Becki Whitton, under the moniker of Aphir, has been making some engrossing electronic music for a minute now, and June 11 saw the release of her fantastic second EP, Dyscircadian. The five-track release features a different artist on each track, who under Whitton's direction still manage to combine for an EP that flows in a manner that is utterly entrancing: "I’ve been subletting a studio from my friend for the past three weeks to finish off the new album I’m making, and on the first day of June I arrived to find that, overnight, someone (definitely a human) had literally taken a crap on the brickwork near the entryway. Obviously I had to clean it off straight away - I pray you never have a similar experience, but if you do then you’ll know why I needed to spend the next week of my life making a drone record."
Crap aside, it's a stunning EP, and Whitton was kind enough to give us a little insight into each of the features, which you can check out below while listening to it (just click anywhere on the embed):
1. Dyscircadian feat. alphamale
This song is about staying up late and driving yourself to the brink in pursuit of self-improvement, and Hannah De Feyter (alphamale) made a drone for it using viola and electronics that perfectly captures that feeling of anxiety building the longer you stay awake. I also made a synth for this called "Hannah E320" that I originally used to show Han the sort of vibe I wanted for her part, and it's still in the final version alongside Hannah's actual drone, trying to pretend it's a real viola.
2. New Form feat. KAIAR
The drone Karla (KAIAR) sent me for this EP is this very pure, angelic layered vocal sample that gradually distorts and degrades over time. Karla and I were both brought up in religious environments which we have since broken away from, so I wanted this song to engage with that part of our shared history. The trajectory of Karla's drone in New Form represents the moral trajectory our parents probably think we're on, lol.

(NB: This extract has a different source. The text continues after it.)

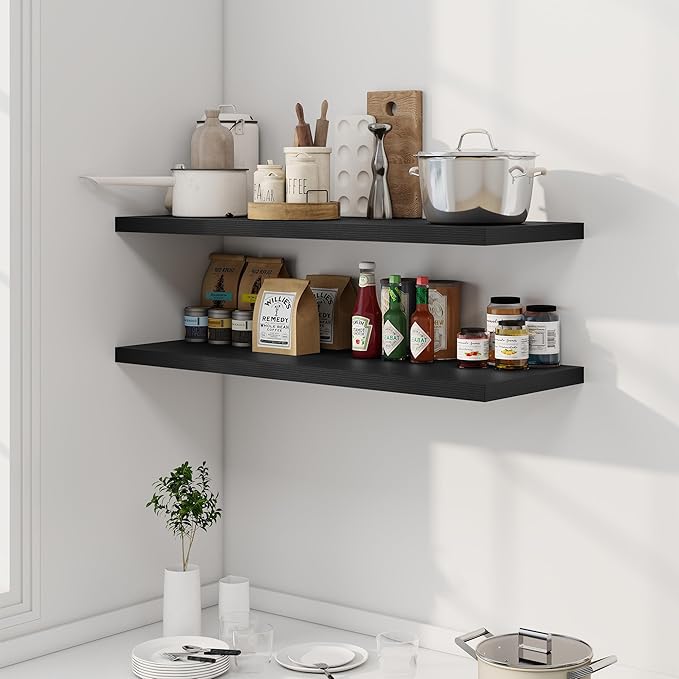 Dreamland 40" Floating Shelves for Wall, 12" Deep Slim Black Floating Shelves, Wall-Mounted Shelves for Bedroom, Living Room,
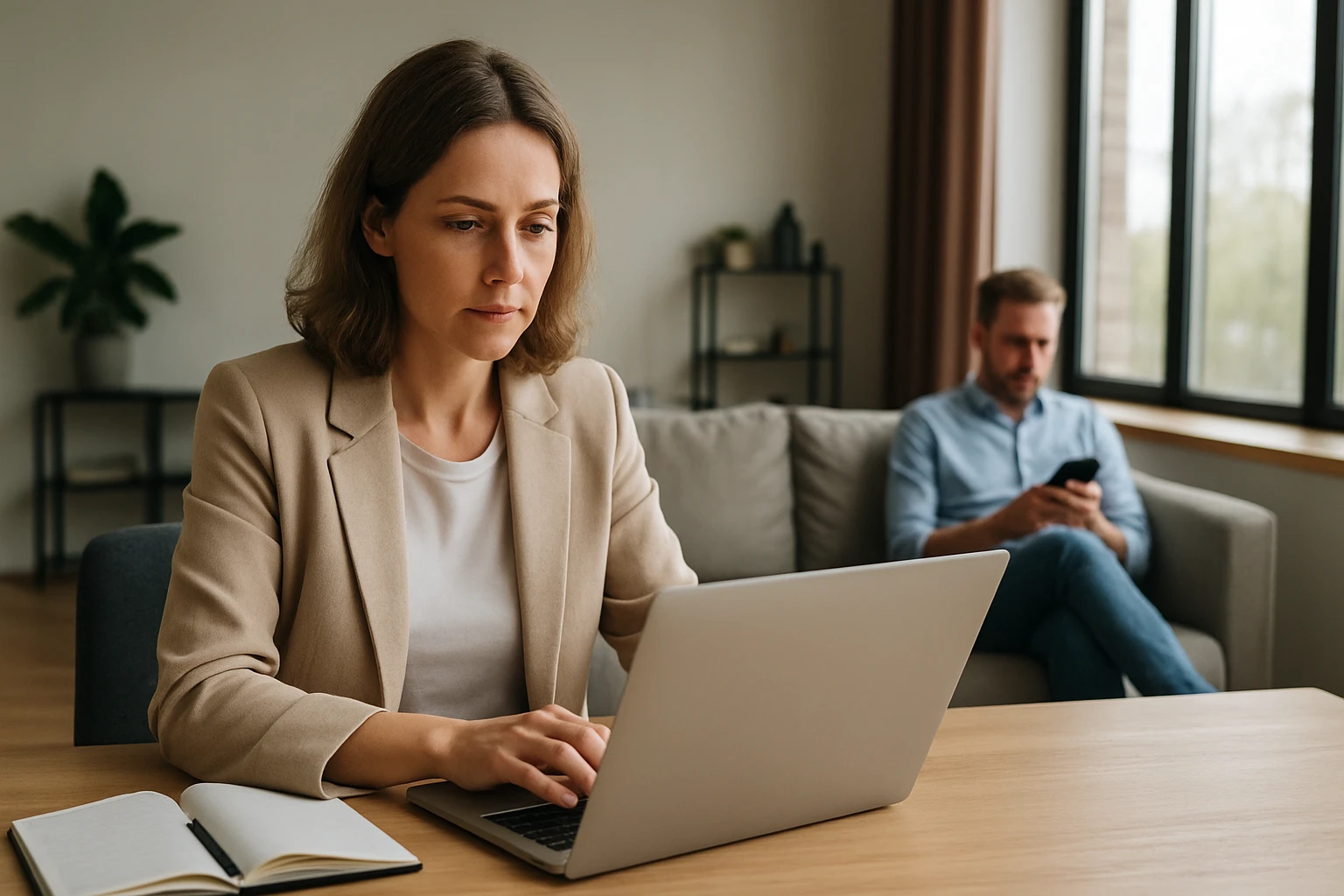 Egy nő dolgozik laptopján, míg egy férfi a háttérben telefonozik.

3. I'll Fall feat. Arrom & Lack The Low
The way this song came together was so magic. Mel (Arrom) and Kat (Lack The Low) sent me these two samples that were exactly the same length and fit together in an absolutely perfect way, both conceptually and musically. Kat's was this tense, climactic string-and-organ drone, and Mel's was a series of chilled out synth chord "bubbles". So, Kat's drone is the musical version of the "anxious thread" the lyrics refer to, running throughout the mellow arrangement around it.
4. Generalisation feat. Freya
Tamara (Freya) explained to me that, with her drone, she wanted to see what she could do with just a guitar. She ended up making this whole dark, climactic world with just that one instrument. It was really exciting for me to build a beat and produce my vocals in a heavier/darker way to fit in that space.
5. Life Like feat. Alicia Sparkles
Alicia Sparkles is a new project by Sia Xray (who also makes music as Shoeb Ahmad). There's always a warmth to Sia's production, even when her songs deal with brutal situations, and the guitar loops she sent me for Life Like helped me conclude the EP in a gentle way. It's not an uplifting ending exactly but I think it feels like the calm straight after you've cried really hard over something.